__EXERCISE BRIEF__
The response should consist of every line below, restated exactly, with no pictures.

(Dataset excerpts)

══════

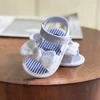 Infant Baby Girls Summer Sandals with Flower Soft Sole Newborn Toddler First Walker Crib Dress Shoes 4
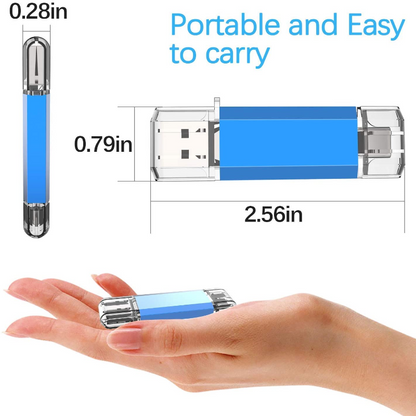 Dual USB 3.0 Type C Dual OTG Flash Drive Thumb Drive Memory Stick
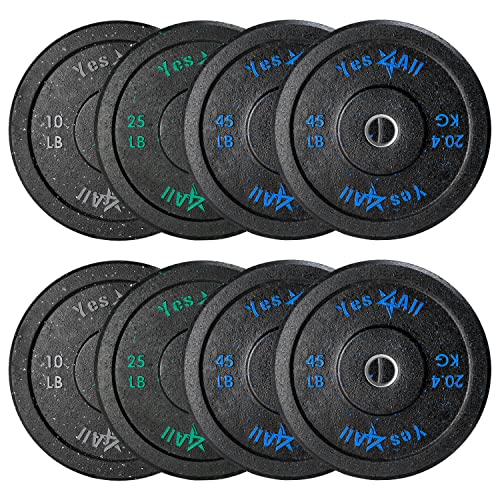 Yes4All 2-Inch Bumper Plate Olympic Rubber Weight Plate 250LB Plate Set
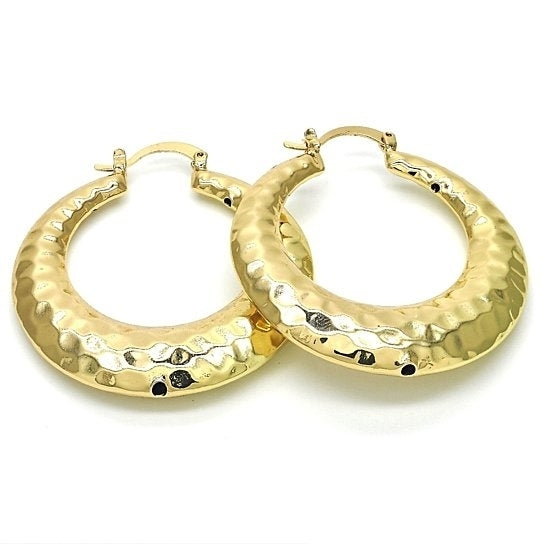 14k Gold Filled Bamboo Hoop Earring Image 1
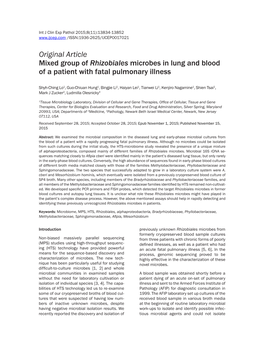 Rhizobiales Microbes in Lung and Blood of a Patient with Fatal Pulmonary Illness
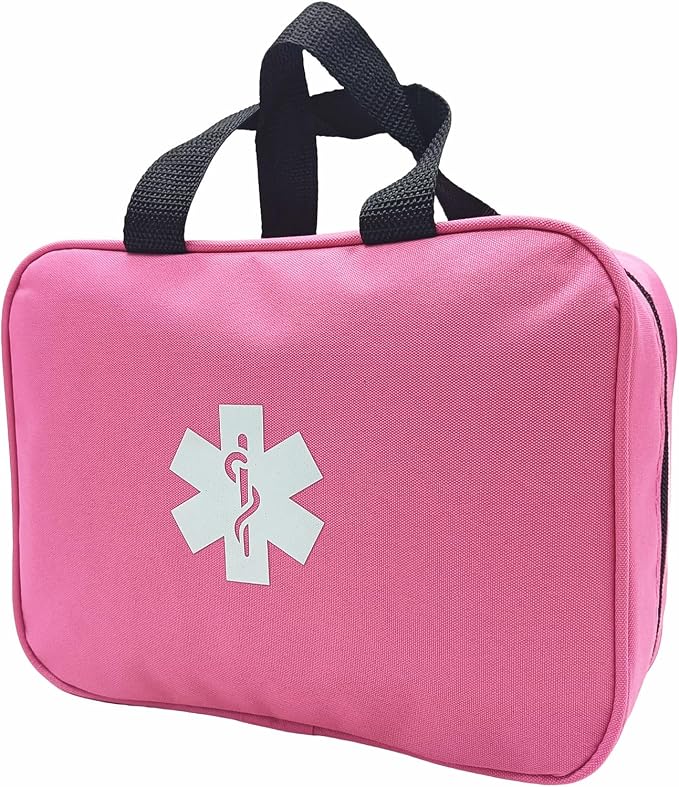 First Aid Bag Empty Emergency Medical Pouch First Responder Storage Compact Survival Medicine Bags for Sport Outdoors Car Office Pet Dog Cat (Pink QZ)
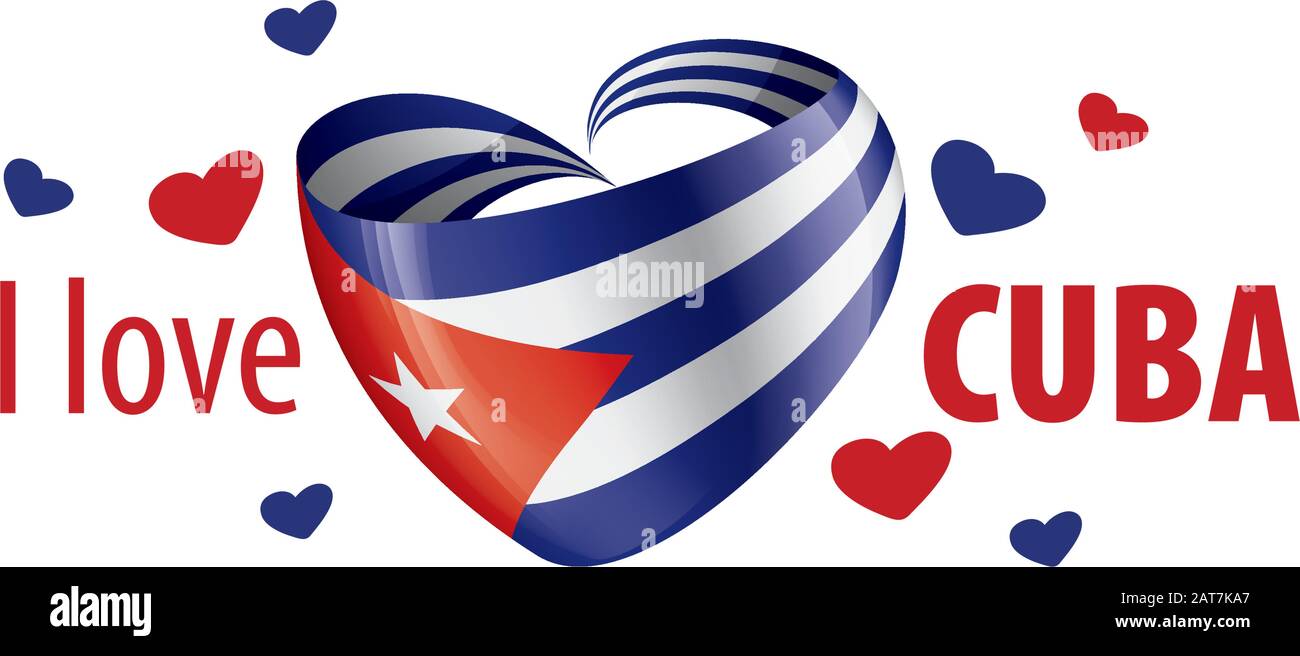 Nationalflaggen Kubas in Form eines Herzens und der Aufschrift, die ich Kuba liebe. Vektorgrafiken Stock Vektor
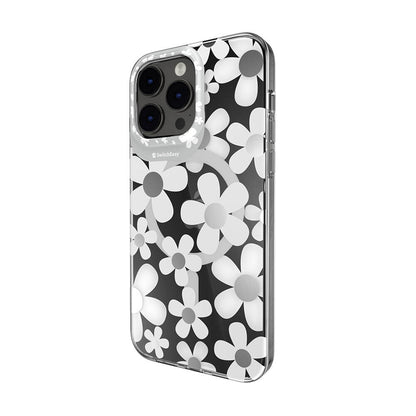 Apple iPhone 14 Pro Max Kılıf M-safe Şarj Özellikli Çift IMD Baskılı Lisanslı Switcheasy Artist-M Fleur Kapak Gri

══════

__TASK RESPONSE__
 Infant Baby Girls Summer Sandals with Flower Soft Sole Newborn Toddler First Walker Crib Dress Shoes 4
 Dual USB 3.0 Type C Dual OTG Flash Drive Thumb Drive Memory Stick
 Yes4All 2-Inch Bumper Plate Olympic Rubber Weight Plate 250LB Plate Set
 14k Gold Filled Bamboo Hoop Earring Image 1
 Rhizobiales Microbes in Lung and Blood of a Patient with Fatal Pulmonary Illness
 First Aid Bag Empty Emergency Medical Pouch First Responder Storage Compact Survival Medicine Bags for Sport Outdoors Car Office Pet Dog Cat (Pink QZ)
 Nationalflaggen Kubas in Form eines Herzens und der Aufschrift, die ich Kuba liebe. Vektorgrafiken Stock Vektor
 Apple iPhone 14 Pro Max Kılıf M-safe Şarj Özellikli Çift IMD Baskılı Lisanslı Switcheasy Artist-M Fleur Kapak Gri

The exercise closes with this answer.